**TASK ITEM**
When the line containing "Dactylioceras Ammonite Fossil" is found in the data below, copy it and each line after it through the line containing "CollectionObject 1560956; USNM(SF", exactly and with no others.

**EXTRACTED INFORMATION**
______

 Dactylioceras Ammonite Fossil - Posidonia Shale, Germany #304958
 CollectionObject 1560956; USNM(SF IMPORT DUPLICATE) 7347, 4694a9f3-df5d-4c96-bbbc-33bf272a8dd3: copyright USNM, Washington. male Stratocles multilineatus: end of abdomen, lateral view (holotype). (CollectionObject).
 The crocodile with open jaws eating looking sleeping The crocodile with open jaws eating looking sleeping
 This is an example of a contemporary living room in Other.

______

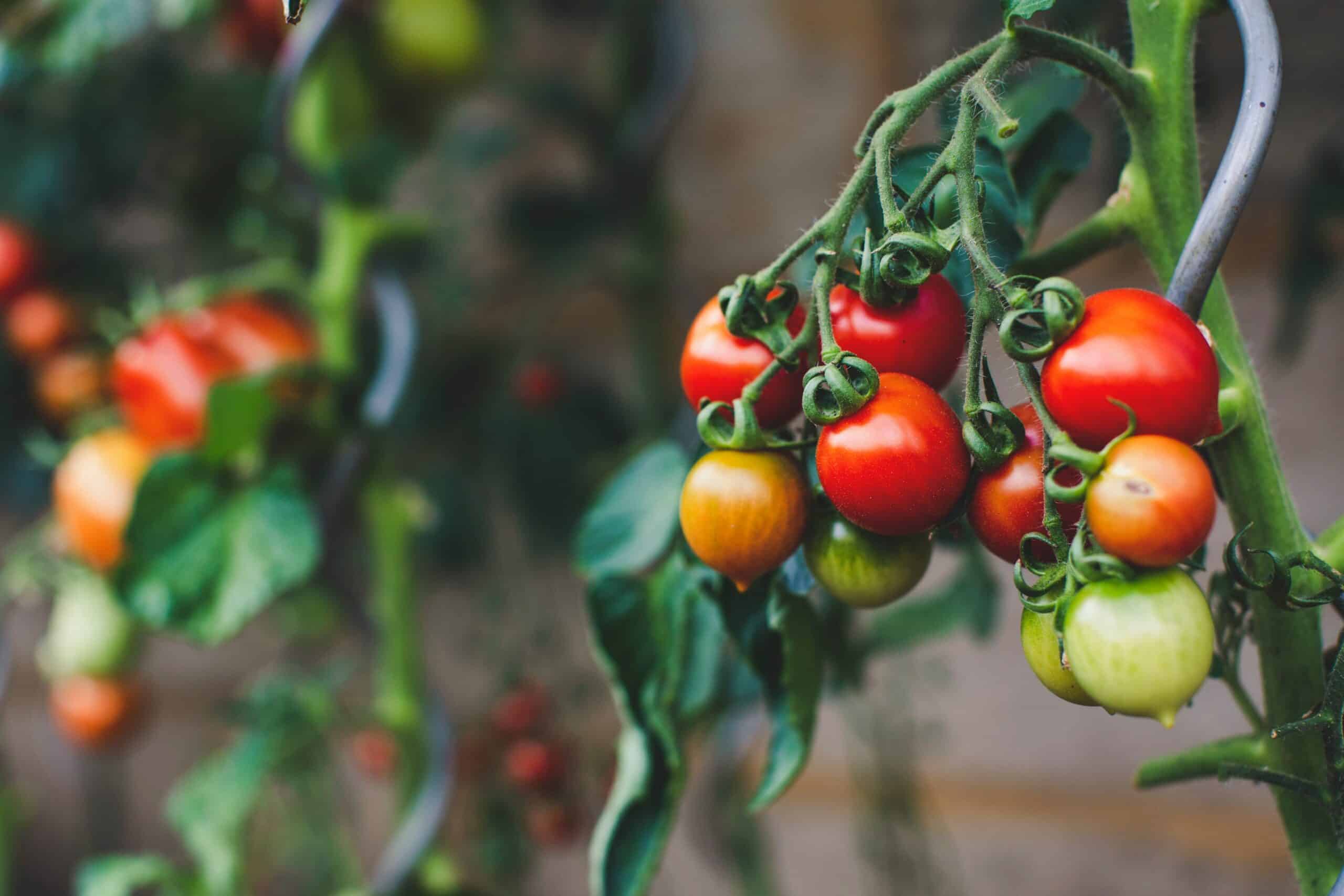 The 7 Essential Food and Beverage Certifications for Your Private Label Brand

______

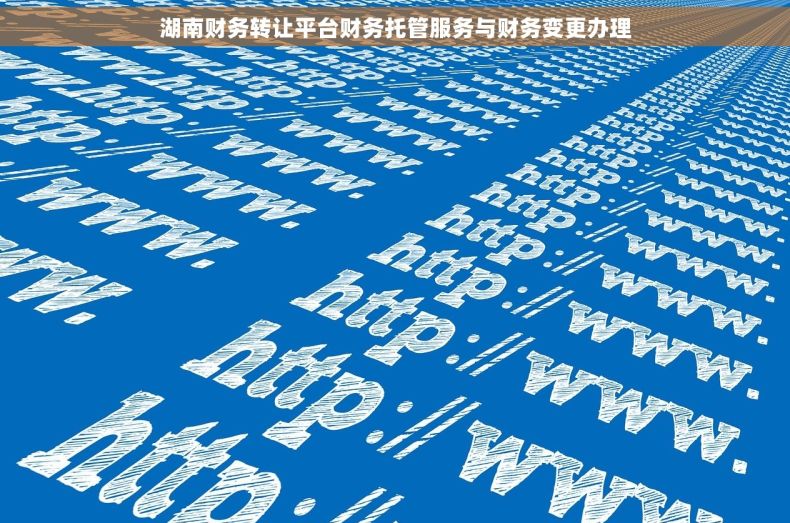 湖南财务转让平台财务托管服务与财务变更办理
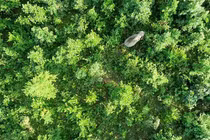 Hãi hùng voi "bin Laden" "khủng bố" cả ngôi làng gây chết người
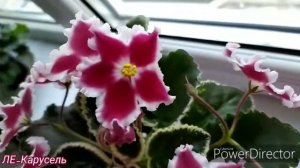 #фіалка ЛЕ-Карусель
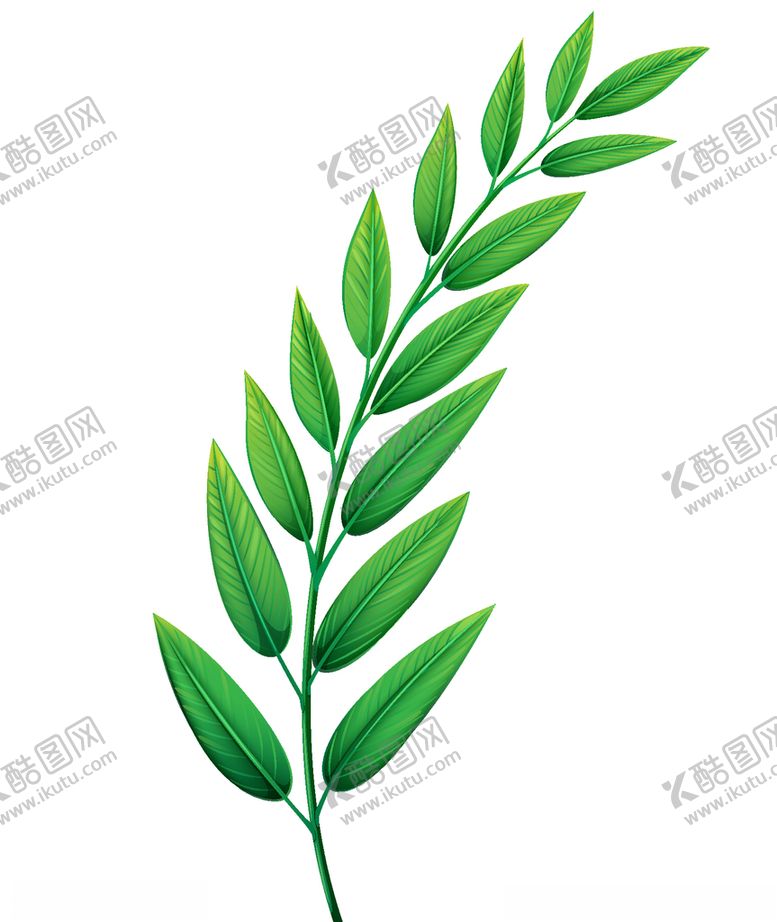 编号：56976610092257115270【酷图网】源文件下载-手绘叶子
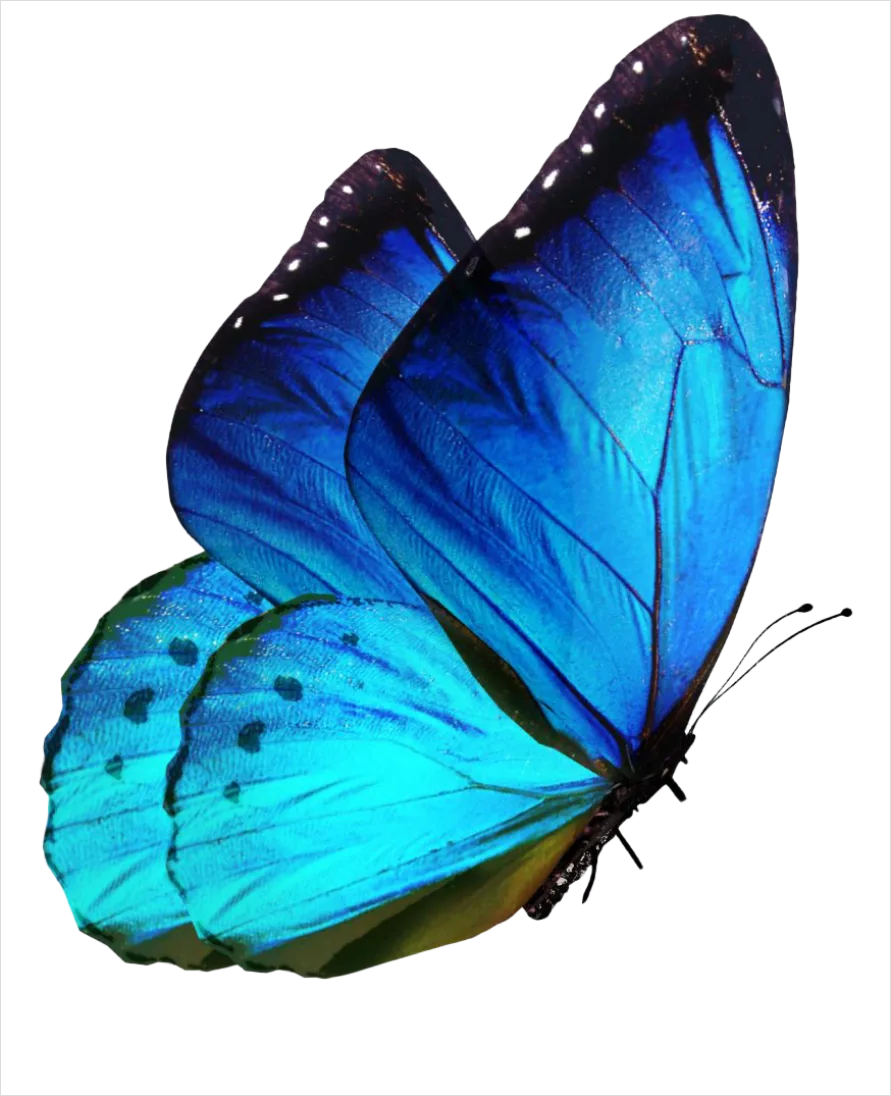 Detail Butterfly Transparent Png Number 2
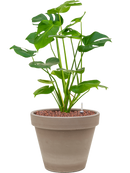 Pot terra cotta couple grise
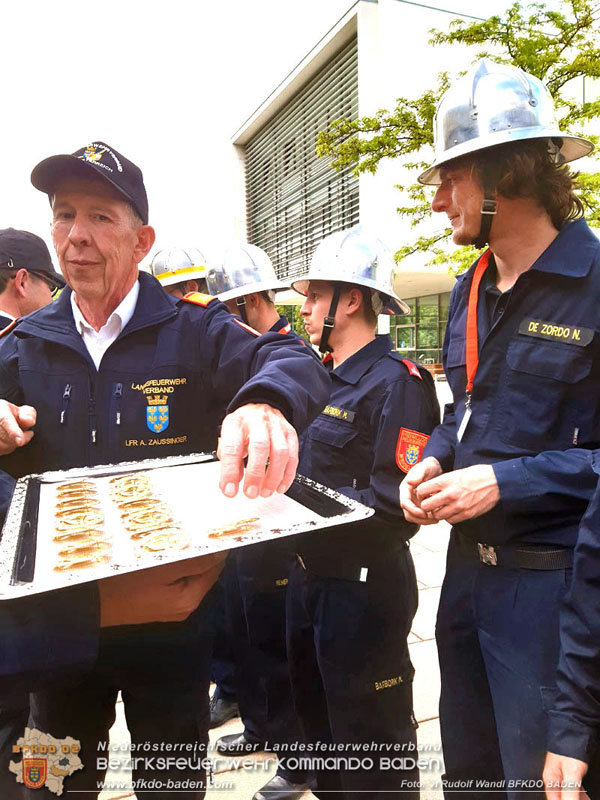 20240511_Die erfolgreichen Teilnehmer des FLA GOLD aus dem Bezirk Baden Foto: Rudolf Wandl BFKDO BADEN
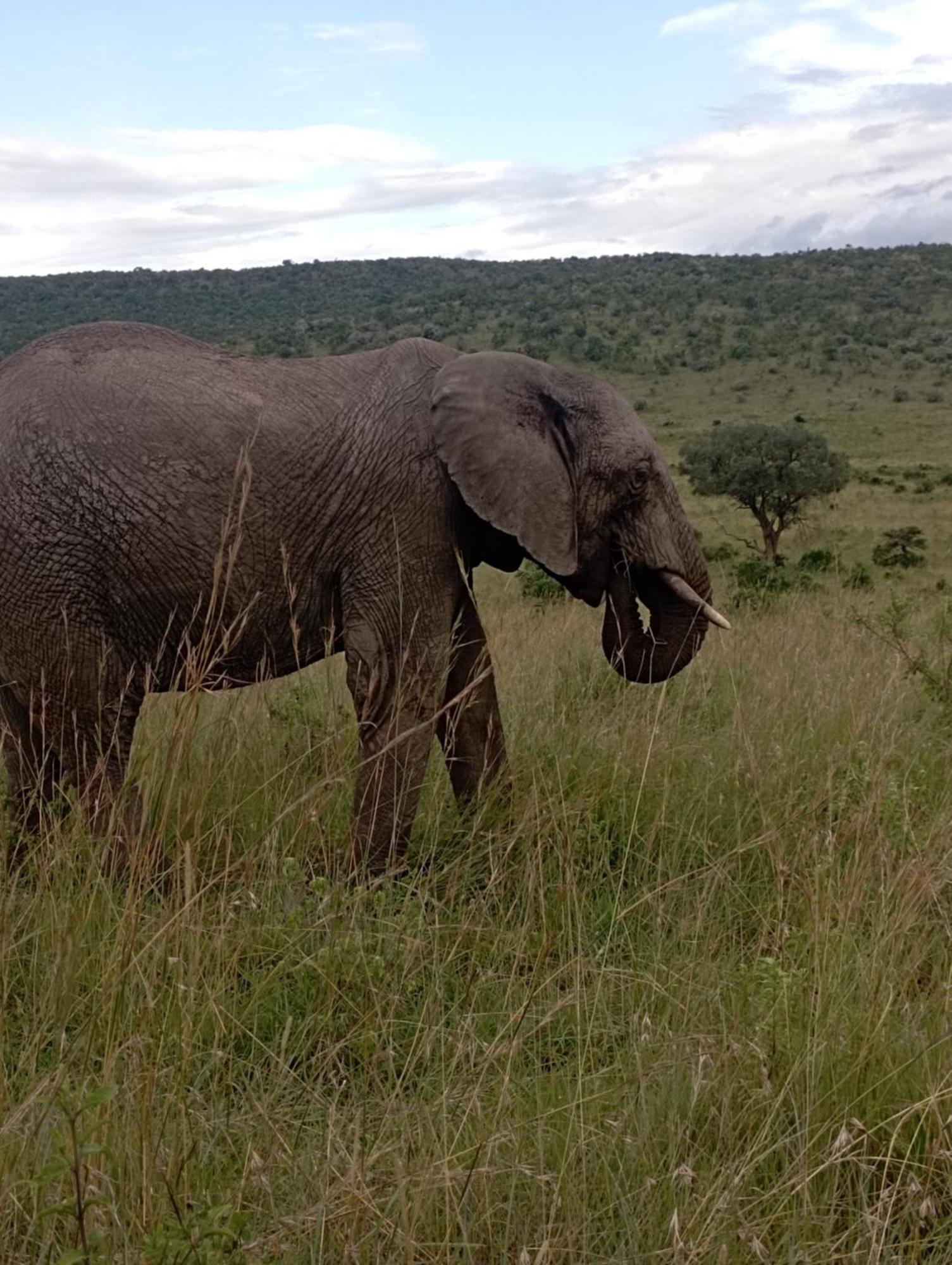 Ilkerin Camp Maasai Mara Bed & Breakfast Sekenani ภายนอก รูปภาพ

______

**OUTPUT**
 Dactylioceras Ammonite Fossil - Posidonia Shale, Germany #304958
 CollectionObject 1560956; USNM(SF IMPORT DUPLICATE) 7347, 4694a9f3-df5d-4c96-bbbc-33bf272a8dd3: copyright USNM, Washington. male Stratocles multilineatus: end of abdomen, lateral view (holotype). (CollectionObject).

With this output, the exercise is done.